Available data:
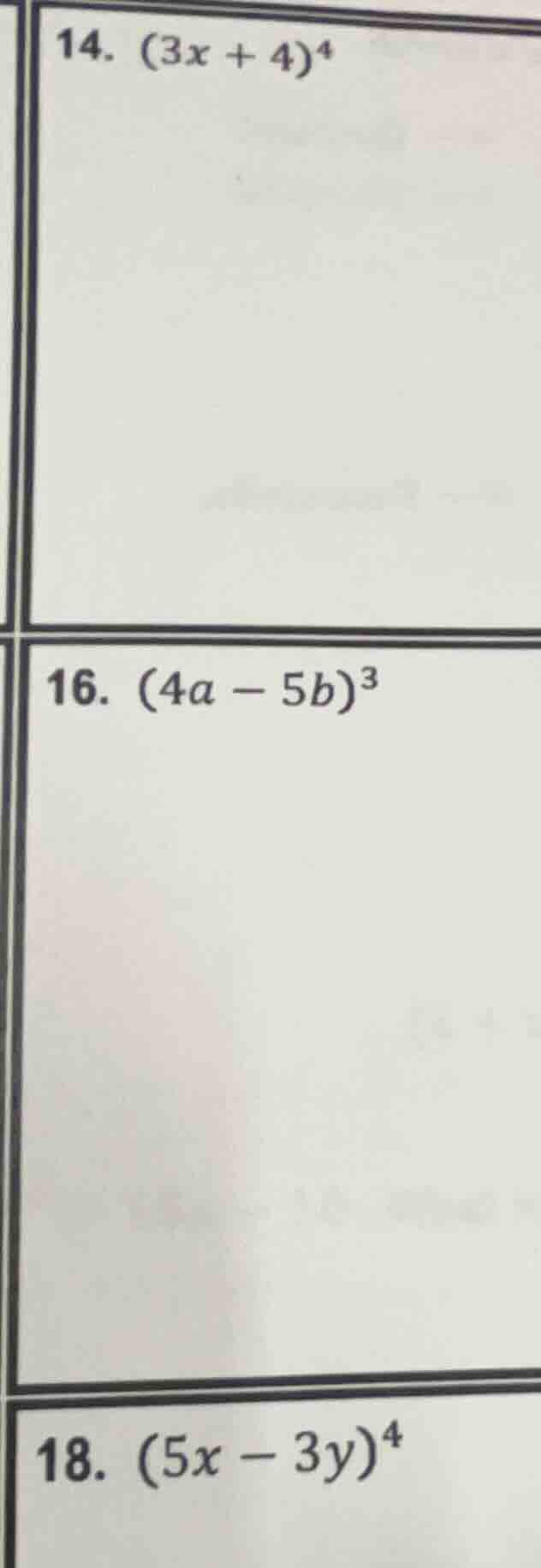 14. $(3x + 4)^4$ 16. $(4a - 5b)^3$ 18. $(5x - 3y)^4$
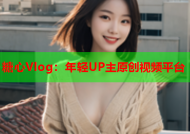 糖心Vlog：年轻UP主原创视频平台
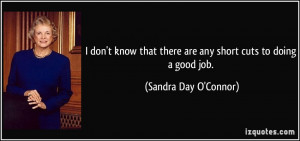 ... there are any short cuts to doing a good job. - Sandra Day O'Connor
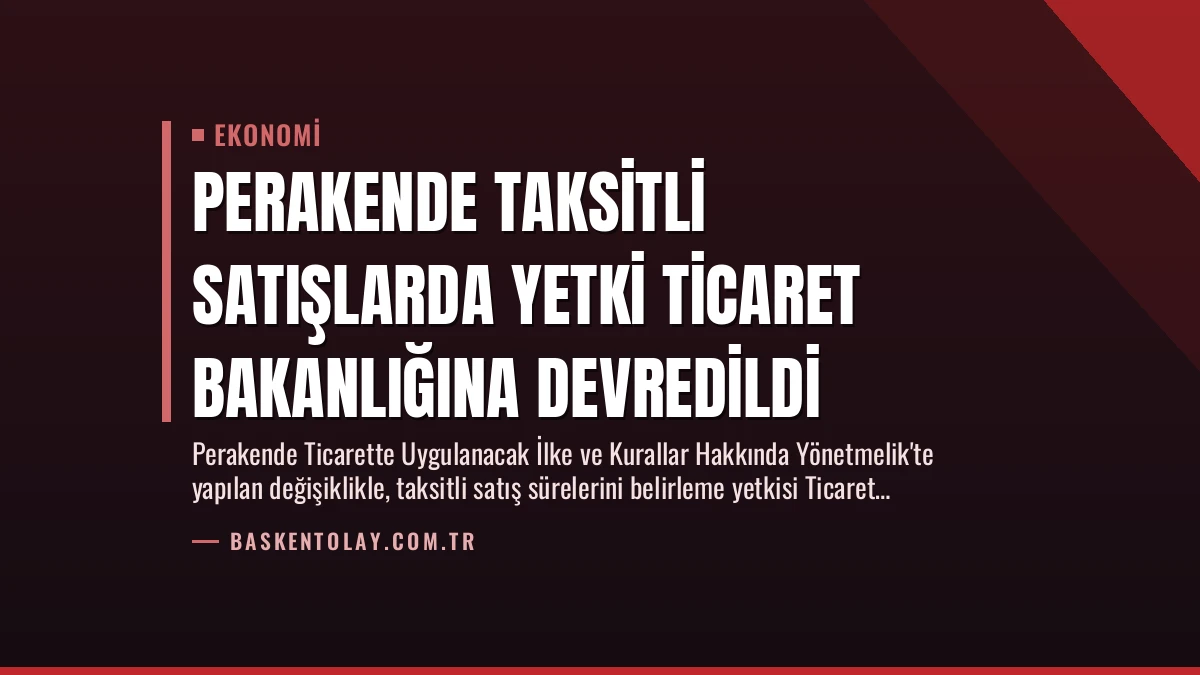 Perakende Taksitli Satışlarda Yetki Ticaret Bakanlığına Devredildi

Exercise details:
Take the line containing "糖心Vlog：年轻UP主原创视频平台" and all lines after it to the end of the data above, and reproduce them exactly, leaving out pictures. Nothing else belongs in the copy.

Task output:
 糖心Vlog：年轻UP主原创视频平台
 ... there are any short cuts to doing a good job. - Sandra Day O'Connor
 Perakende Taksitli Satışlarda Yetki Ticaret Bakanlığına Devredildi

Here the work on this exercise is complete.